In the copy, include no images, and repeat each entry precisely as written.
───
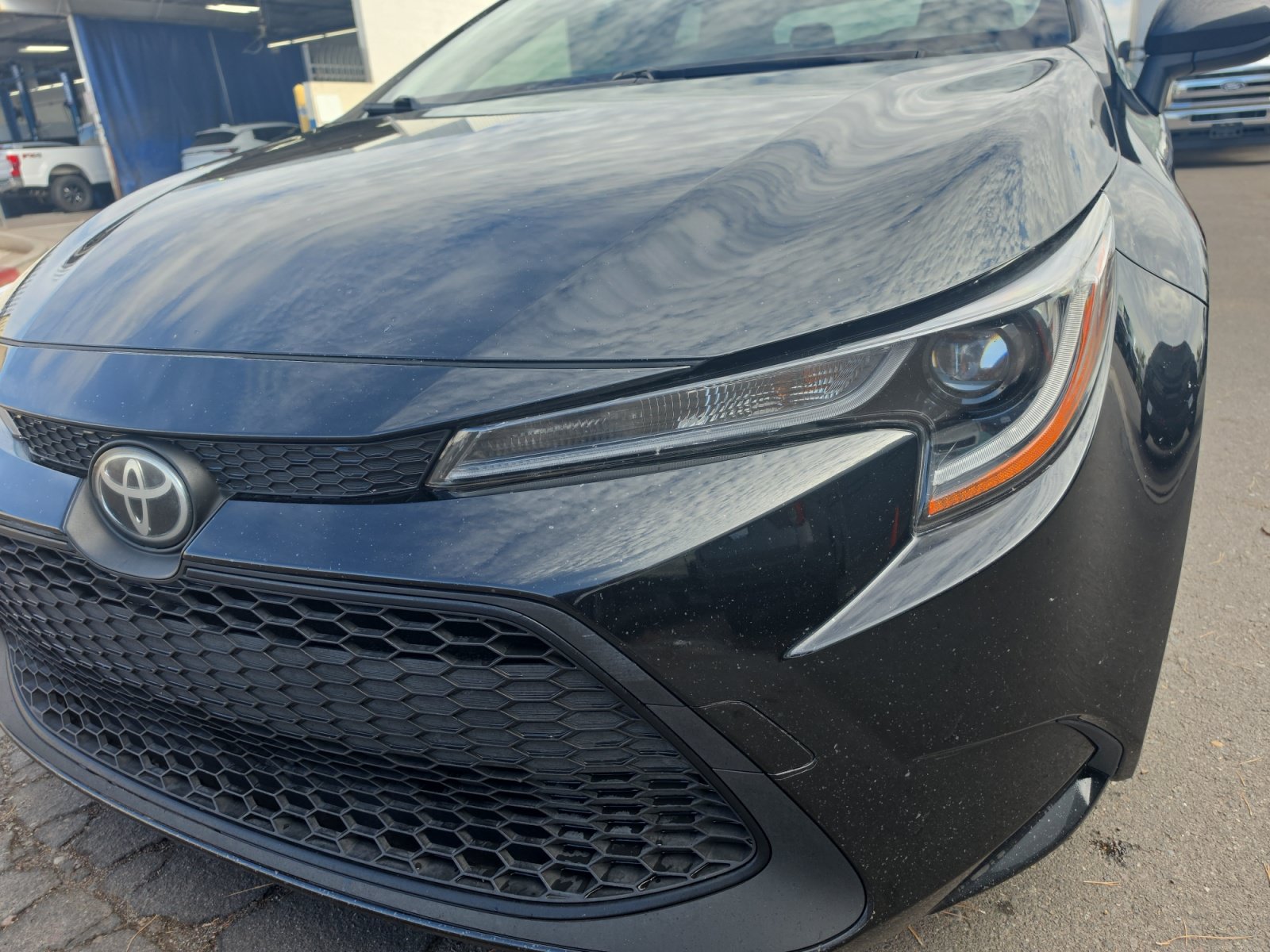 Used 2020 Toyota Corolla LE FWD image 9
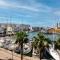 A white dream by the sea - 2bd lux family apartment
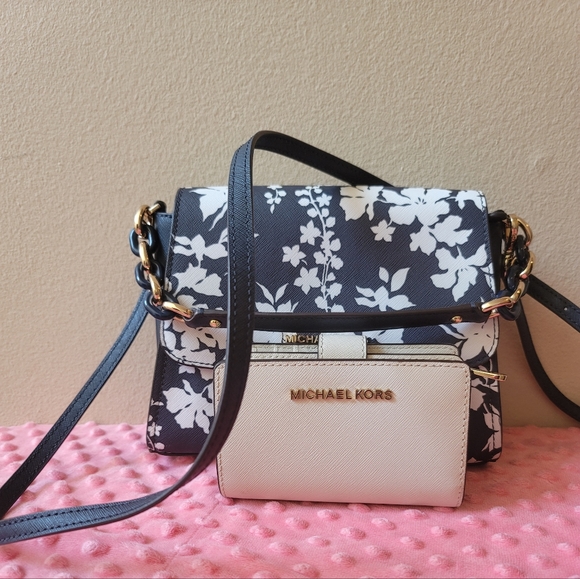 CSCodicorn's tweet image. So good I had to share! Check out all the items I'm loving on @Poshmarkapp from @lorinda8383 #poshmark #fashion #style #shopmycloset #nike #michaelkors #jcrew: posh.mk/sQ244tle9vb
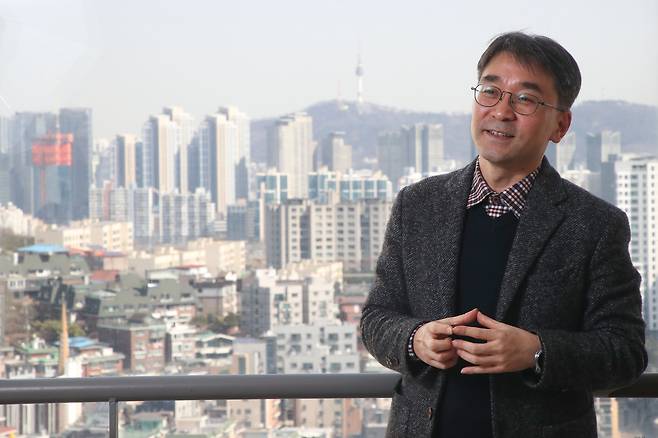 서울 동작구 중앙대 법학관에서 마강래 중앙대 교수가 본지와 인터뷰를 갖고, “융복합 시대에 신산업의 용광로가 필요한데, 그 역할을 메가시티가 할 수 있을 것”이라고 했다. / 장련성 기자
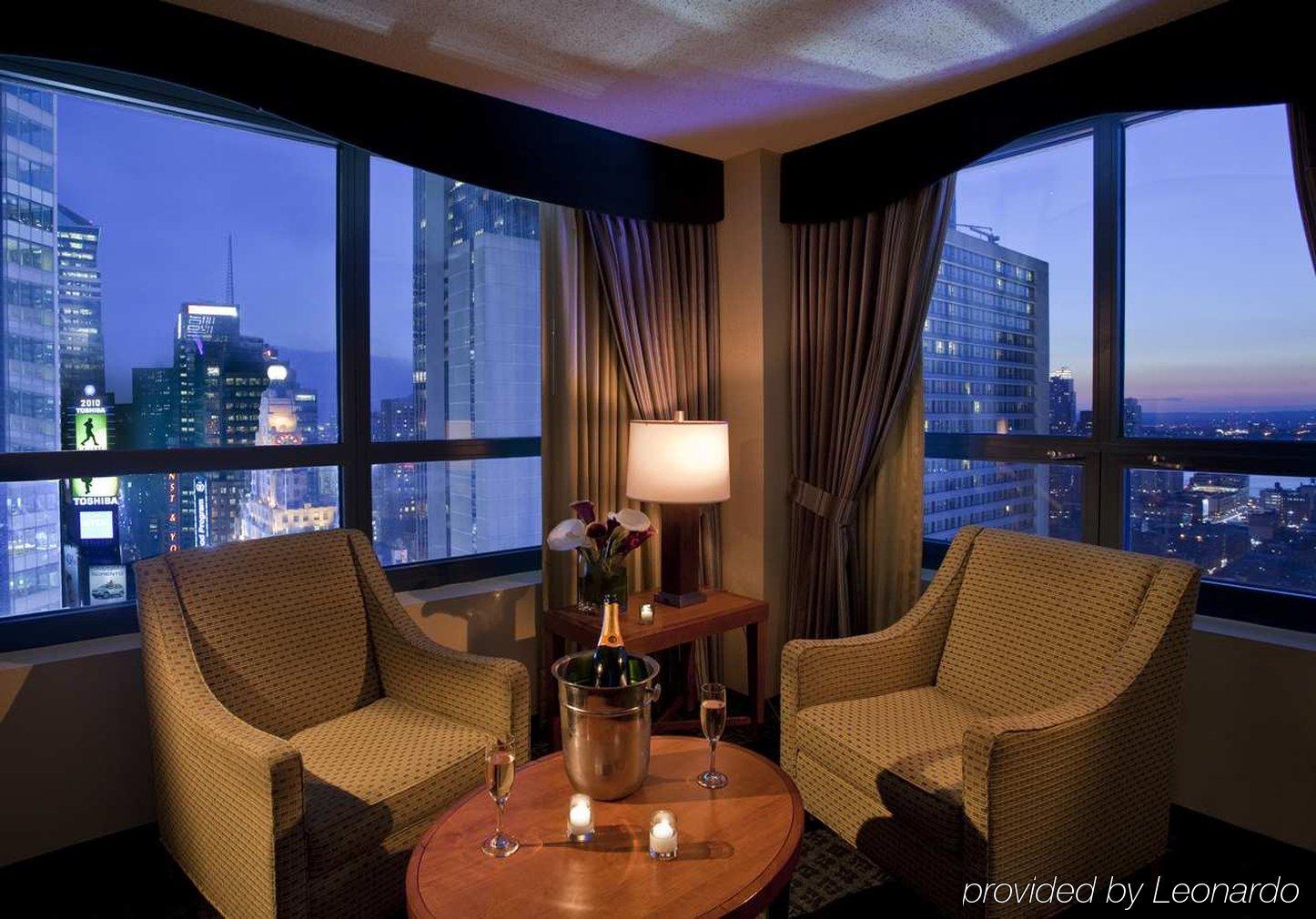 Doubletree Suites By Hilton Nyc - Times Square New York Exteriér fotografie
───
→ **Written answer**
 Used 2020 Toyota Corolla LE FWD image 9
 A white dream by the sea - 2bd lux family apartment
 CSCodicorn's tweet image. So good I had to share! Check out all the items I'm loving on @Poshmarkapp from @lorinda8383 #poshmark #fashion #style #shopmycloset #nike #michaelkors #jcrew: posh.mk/sQ244tle9vb
 서울 동작구 중앙대 법학관에서 마강래 중앙대 교수가 본지와 인터뷰를 갖고, “융복합 시대에 신산업의 용광로가 필요한데, 그 역할을 메가시티가 할 수 있을 것”이라고 했다. / 장련성 기자
 Doubletree Suites By Hilton Nyc - Times Square New York Exteriér fotografie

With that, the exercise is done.